# CC Cleaner Hacked



## Mike (Dec 11, 2017)

Sorry to be the bearer of bad news, but you need
to know about this.

Do you use CC Cleaner, did you download a copy
or an update during August and September 2017?

If you did then you have probably been hacked
and you will have malware in your machine.

Full story below.

Mike.

*CCleaner has a reputation for being one of the best Windows cleanup tools around.
Simply running it on your PC will remove the digital junk that accumulates in Windows
in order to free up space on your hard drive, and also clean out unnecessary registry
settings.

Unfortunately, CCleaner's reputation is set to take a hit, since it has been found to be
packed with malware!

The problem wasn't actually with the CCleaner software itself.
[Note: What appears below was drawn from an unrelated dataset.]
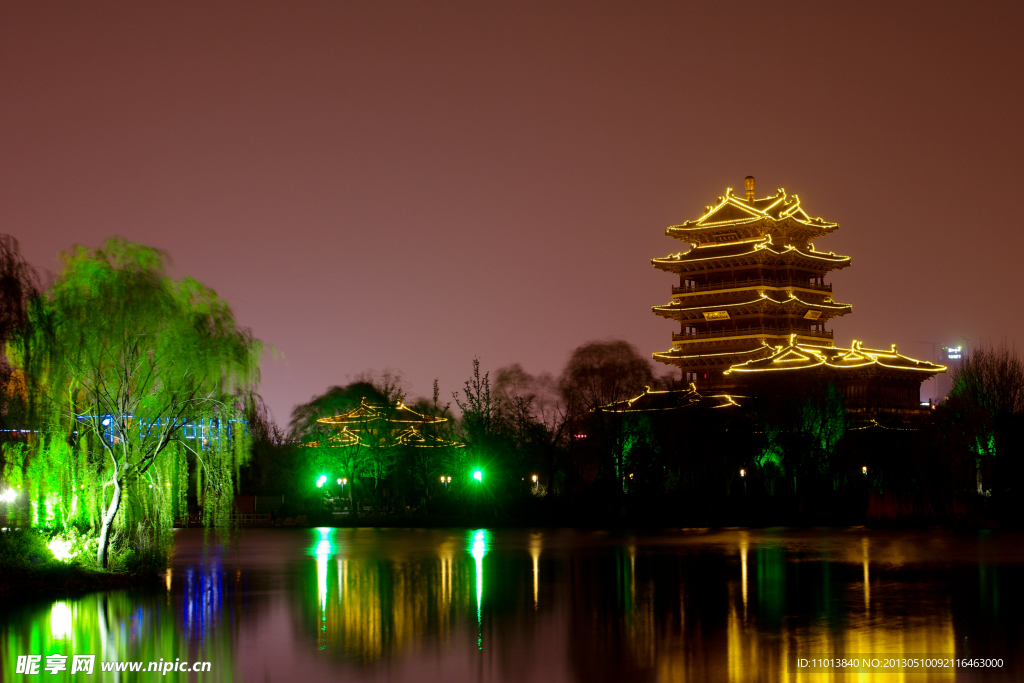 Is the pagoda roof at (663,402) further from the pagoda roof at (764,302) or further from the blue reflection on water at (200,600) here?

It seems that hackers
managed to get access to servers run by security company Avast which were distributing
the CCleaner software, and infected the download with a malware tool.
When unsuspecting users installed CCleaner, the malware was installed too.

And because CCleaner is downloaded 5 million times a week, this is a major problem.
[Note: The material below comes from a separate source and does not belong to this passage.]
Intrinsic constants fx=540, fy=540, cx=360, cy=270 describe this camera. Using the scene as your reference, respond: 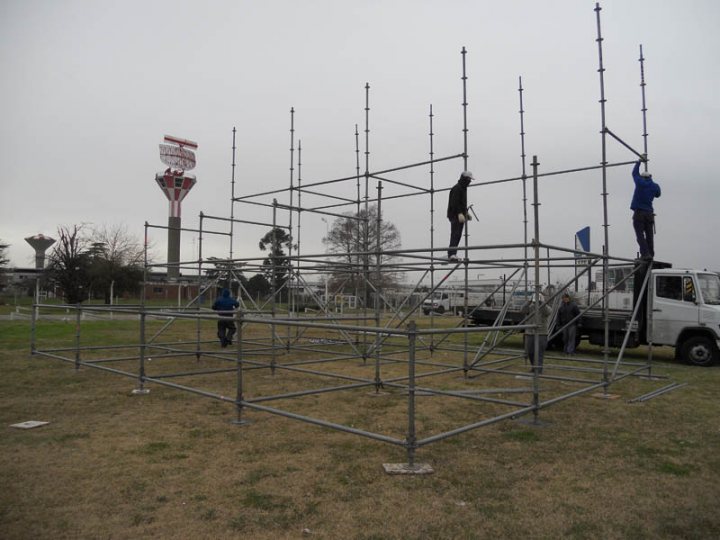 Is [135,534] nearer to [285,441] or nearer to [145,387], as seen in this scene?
[285,441]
The malware was distributed with version 5.33 of CCleaner, downloaded between
15th August and 12th September.

If you downloaded CCleaner during this time period, or updated your existing version of
CCleaner to 5.33, then you will have downloaded the malware infection.

Needless to say, CCleaner is a long established and trustworthy product, and the company
behind it do not distribute malware themselves. It seems that, in this case, the tool used
to build and release the software (called the toolchain) was compromised by hackers.

If you have CCleaner installed on your PC, the best thing to do is to remove it and
perform a full security scan on your PC.

To remove the software, proceed as follows:

    Press [Windows Key] + [R], type control and click OK.
    Set the View by drop-down list in the top right-hand corner to Large icons.
    Double-click on Programs and Features.
    Look through the list for the CCleaner entry. Select it and click Uninstall.

Once the software has been removed, re-boot your PC and then use your anti-virus program
to perform a full system scan. Remove any infections that are uncovered. Once you have done,
you can download a new version of CCleaner and install it on your PC, if you still need it. *


----------



## Camper6 (Dec 11, 2017)

I never took the update.  

I have an older computer and updates have a way of screwing things up.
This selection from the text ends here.